Le candidat soutenu par le Parti socialiste est le moins mentionné spontanément, seulement 6%. De plus, il l’est surtout plus chez ses opposants que parmi ses partisans, soit 8% pour les sympathisants d’Extrême Gauche et Gauche, 13% pour ceux d’En Marche, 12% chez ceux de Droite, et 6% pour les sympathisants du FN.
Les mentions faites de Benoît Hamon sont en lien avec les ralliements d’élus PS à Emmanuel Macron :
« Abandonné », « Hamon lâché par des socialistes », « Le PS se dirige vers Macron ; cela prouve qu’il n’y a aucun rassemblement de la gauche. Et Macron est préféré. Le programme de Hamon est impossible fait rêver les gens mais impossible de relever la France avec un programme pareil. » (LR), « Martyr. » (EM)
Même parmi ceux déclarant voter pour Benoît Hamon les tonalités de verbatim ne sont pas positives : « Décevant », « Il a du mal à percer ».

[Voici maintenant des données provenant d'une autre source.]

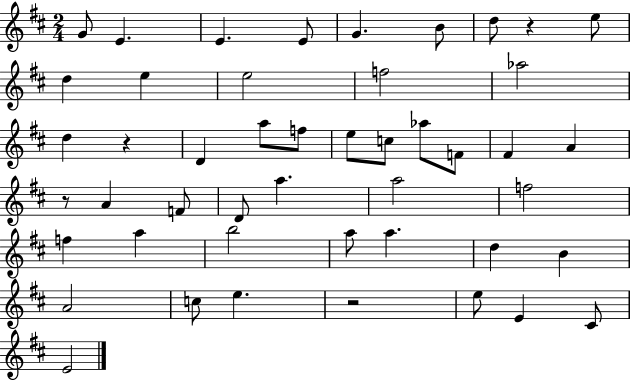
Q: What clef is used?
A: treble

Il est, à son corps défendant, comparé à Jean-Luc Mélenchon, avec parfois des termes peu flatteurs :
« Meeting Mélenchon ; il est passé devant Hamon », « Mélenchon devant Hamon ; que Hamon se désiste pour Mélenchon, B Hamon a peu de charisme » (En Marche) « Mélenchon devant Hamon ; Excellent » (vote Mélenchon en 2017), « 10000 personnes pour écouter JL Mélenchon à Rennes ; il attire plus de monde que B. Hamon » (LR).